# 國立清華大學 電機工程學系 實作專題研究成果摘要

# A 16-kb 40-nm 1T1MTJ STT-MRAM Macro with Near-Memory Multiply-Accumulate Functionality and Single-Cap Offset-Canceled Sense Amplifier for Security-Aware Mobile Device

40nm 製成之 16-Kb 單電容偏壓消除感測放大 器結合近記憶體乘積累加運算功能之自旋轉移 力矩式記憶體

專題領域:系統組

- 組 別:A217
- 指導教授:張孟凡教授
- 組員姓名:高宇勝、劉芷芸、白鈞丞
- 研究期間: 2021 年7月1日至 2022 年4月底止, 計10 個月

#### I. Abstract

Non-volatile memory(NVM), spin-transfer torque magnetoresistive random access memory (STT-MRAM) is being developed to realize nonvolatile working memory because it provides high-speed accesses, high endurance, and CMOS-logic compatibility.

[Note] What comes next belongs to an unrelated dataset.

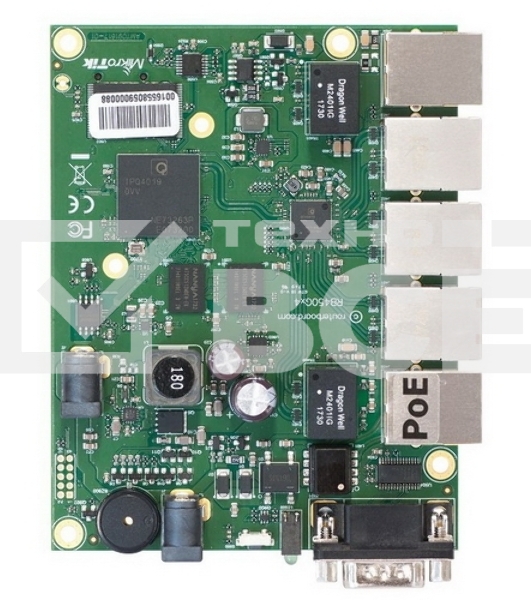Плата маршрутизатора RB450Gx4 без корпуса RouterBOARD 450Gx4 with four core 716MHz Atheros CPU, 1 GB RAM, 5 Gigabit LAN ports, PoE OUT on port #5, RouterOS L5 {20}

Furthermore, 1T1MTJ STT-MRAM is a promising candidate for nextgeneration high-density embedded non-volatile memory.

We present a comprehensive device of 16-Kb STT-MRAM with two-bit inputs two-bit weights near memory computing simultaneously for high performance applications. However, 1T1MTJ STT-MRAM suffers from limited sensing margin and high power consumption.

In order to save the power, we have a self –MAC termination to turn off the read mechanism when the inputs are all 0. In this way, about a half reduction in power consumption is corresponded.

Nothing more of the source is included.